EESC opinion: Annual Sustainable Growth Strategy 2020

Key Points


  •  welcomes the approach taken by the annual growth strategy for 2020, based on the four key pillars that are the environment, productivity, stability and fairness and also welcomes the inclusion of the United Nations' 2030 Sustainable Development Goals;
  • welcomes the announced change in the annual strategy, moving away from the current thinking that focuses on programming and short- and medium-term objectives to finally make provision for long-term strategies. This is made necessary by the investment needed to implement the environmental sustainability strategy by means of complex, integrated energy and climate plans drawn up by the Member States and approved by the Commission;
  • agrees with the indications made in the annual strategy concerning investment in the intangible sectors of education, training and skills development, as it sees them as absolutely crucial and decisive;
  • strongly supports the aim of boosting research and innovation and of increasing the funds earmarked for them - these are long-term strategic investments for the competitiveness of the EU as a whole at international level;
  • regrets that the Communication from the Commission gives little space to the annual report on growth in the Union. In the EESC's view, the greatest priority of all is to restore sustainable growth, above all in the weakest countries and regions, with a strong increase in European GDP in order to generate prosperity and the wealth that is crucial to supporting the strategy;
  • hopes that measures governing investment will be studied and adopted and that they will, while taking account of the constraints of the Stability Pact – or by way of exception from them and from the State aid rules – enable all countries to invest the amounts needed to meet their own objectives set in the integrated energy and climate plans;
  • welcomes the proposal set out in the 2020 growth strategy to make use of every means and financial leverage that is already available through the current instruments under the 2021-2027 multiannual financial framework. It also hopes, however, that the financial means will be increased where there is needed to meet the objectives;
  • agrees on the need to strengthen the stability and resilience of the financial system and tighten the rules governing the financial markets in order to reinforce the international role of the European currency and to take precautions against any future crises that may emerge elsewhere in the world and have an impact on Europe as a result of globalisation. This can be done by beefing up macro prudential rules and other measures aimed at safeguarding the financial stability of the Member States. In addition to the ongoing process of completing the Banking and Capital Markets Unions, the upcoming strategic review of the ECB monetary policy should focus more specifically on fostering economic growth in the euro area and strengthening the international role of the euro;
  • highlights the importance of keeping the well-being of people at the heart of the 2020 growth strategy, by preserving and strengthening the social advances that make the EU a world leader;
  • welcomes the fact that social rights are highlighted in the 2020 growth strategy.
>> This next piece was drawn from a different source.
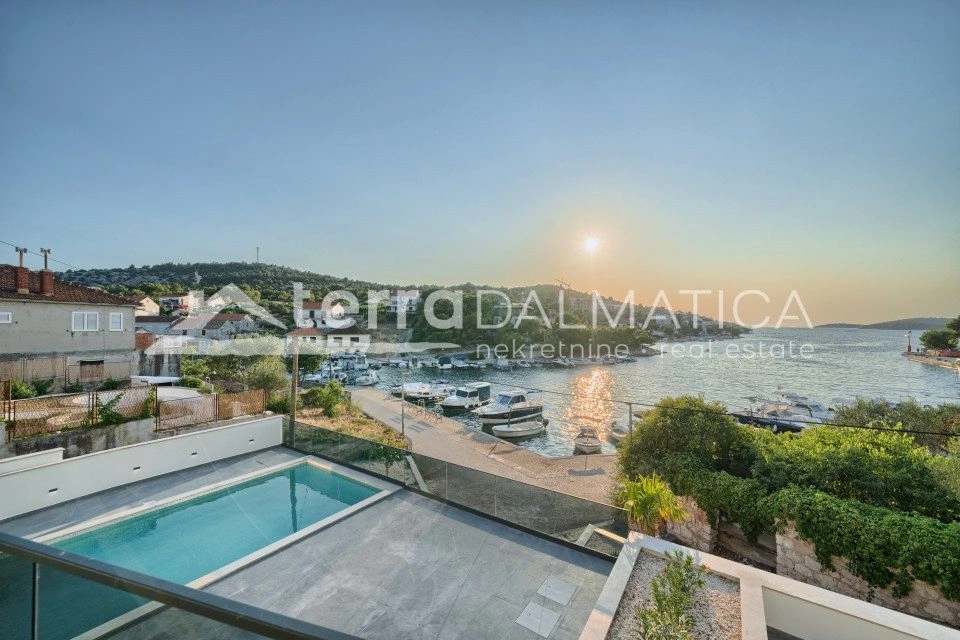 Villa in Rogoznica – erste Reihe zum Meer, Swimmingpool, Neubau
The EESC hopes that, among the objectives of the European Semester, special attention will be given to the gender issue, particularly concerning women's rights at work, the achievement of pay parity, employment protection for mothers – not least to counter the negative demographic trend – and the introduction of significant enhancements to legislation protecting the family;
  • believes that more robust single market governance infrastructure needs to be put in place at EU and national level, together with thorough-going administrative simplification, an ambitious process of digitalisation and intensive capacity-building initiatives for all stakeholders;
  • advocates new governance structures across a range of levels that can ensure the involvement of the local economy and civil society in designing and implementing fair measures that reflect the circumstances in which they operate.